For the current catalogue size (~50 records per table) the speed-up is small in absolute terms, but the cost of adding indices at this stage is trivial and pays off for free as content scales.

2.5 Structured JSON logging

The codebase had console.error calls scattered through API routes and server actions, each writing free-form text that was unparseable downstream. We introduced src/lib/logger.ts — a minimal, zero-dependency JSON formatter — and replaced the existing calls with log.info, log.warn, and log.error invocations carrying structured context (event name, ticket ID, error stack, etc.).

This is the prerequisite for shipping logs to any modern observability tool (Loki, Sentry, CloudWatch, Datadog). Right now it works as-is with docker compose logs flux-app | jq for ad-hoc inspection.


3. New Capability — FluxAI Conversation Analytics

This is the largest functional addition in the iteration.

3.1 The problem

The on-site engineering assistant (FluxAI) was already capable, but every conversation was lost the moment the visitor closed the tab. There was no way to answer questions like:

  • How many people are actually using the assistant?
  • Which industries are they coming from?
  • What fraction of conversations lead to a consultation request?
  • Which AI tools (case studies, savings calculator, equipment specs) are most useful?
  • How long does a typical conversation last?
  • Are visitors getting stuck at any particular point?

This iteration adds full persistence and a dedicated dashboard.

3.2 Data model

Two new database tables capture the full life-cycle of every conversation:

AiConversation — one row per visitor session.

Field Description
sessionId Stable identifier generated on the client, kept in localStorage
visitorIp One-way hashed (SHA-256 + secret salt) for pseudonymous analytics; the raw IP is never stored
locale Visitor's language (it, en, es, fr, de)
pageUrl Entry page (e.g. cases/textile-drying)
industryLabel Detected automatically from the user's first message
funnelStage One of DISCOVERY, QUALIFY, RECOMMEND, HANDOFF
outcome OPEN, CONSULTATION, or ABANDONED
messageCount, toolCallCount Activity counters
estimatedSavingsPercent, productionVolume Captured when the AI runs its calculator
signalId Foreign key to OperationsSignal if the chat converted to a consultation ticket
startedAt, lastMessageAt, closedAt Timeline

AiEvent — one row per individual event inside a conversation.

Field Description
type user_msg, ai_msg, tool_call, tool_result, error
payloadJson The serialized content, truncated to 8 KB
toolName Which AI tool was invoked (when applicable)
latencyMs Wall-clock time the AI took to respond
tokensIn, tokensOut, cachedTokens OpenAI cost tracking
createdAt Timestamp

Both tables are extensively indexed for the dashboard queries below.
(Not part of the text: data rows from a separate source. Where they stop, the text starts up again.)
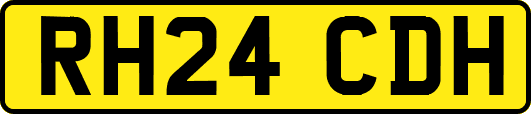 RH24CDH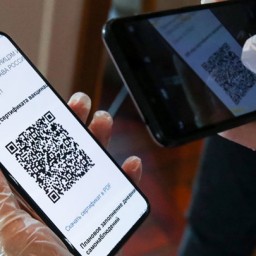 Законопроект о QR-кодах нужно доработать: поручение Путина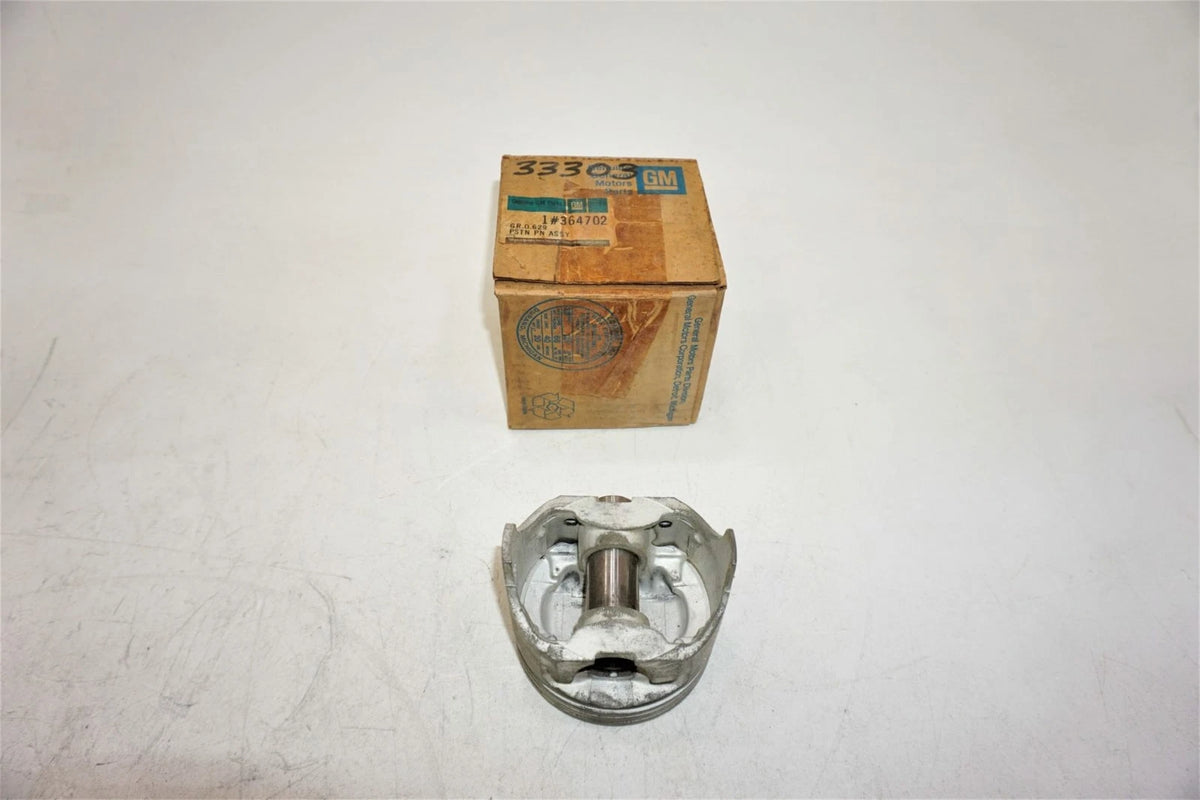 GM 364702 Marine Boat 5.0L 5.7L V8 Engine Motor Piston Assembly OEM FREE SHIP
3.3 Funnel stage detection

The system automatically advances the conversation through four stages based on the AI's behaviour:

  1. DISCOVERY — initial state, before any industry is identified.
  2. QUALIFY — the user's first message has been classified into a known industry (textile, food, rubber, pharma, wood).
  3. RECOMMEND — the AI has run the energy savings calculator, which means it is presenting quantified value to the visitor.
  4. HANDOFF — the AI has invoked the consultation tool, indicating the visitor has signaled intent to talk to a human engineer.

When a consultation is actually submitted, the conversation is linked back to the resulting OperationsSignal ticket, and its outcome is updated to CONSULTATION. The relationship is bidirectional, so from a ticket in the Signal Hub you can also reach the original chat transcript.

3.4 The dashboard

A new section was added to the HQ Command Center at /hq-command/dashboard/conversations. It surfaces:

At-a-glance KPIs:

  • Total conversations
  • Conversion rate (consultations divided by total)
  • Average messages per chat
  • Average tool calls per chat

Funnel breakdown: how many visitors are in each of the four stages, with percentages relative to the total.

Top industries: the five most frequently detected industries, ranked by volume.

Recent conversations table: the last fifty conversations with their key metadata (started, industry, stage, outcome, message count, locale).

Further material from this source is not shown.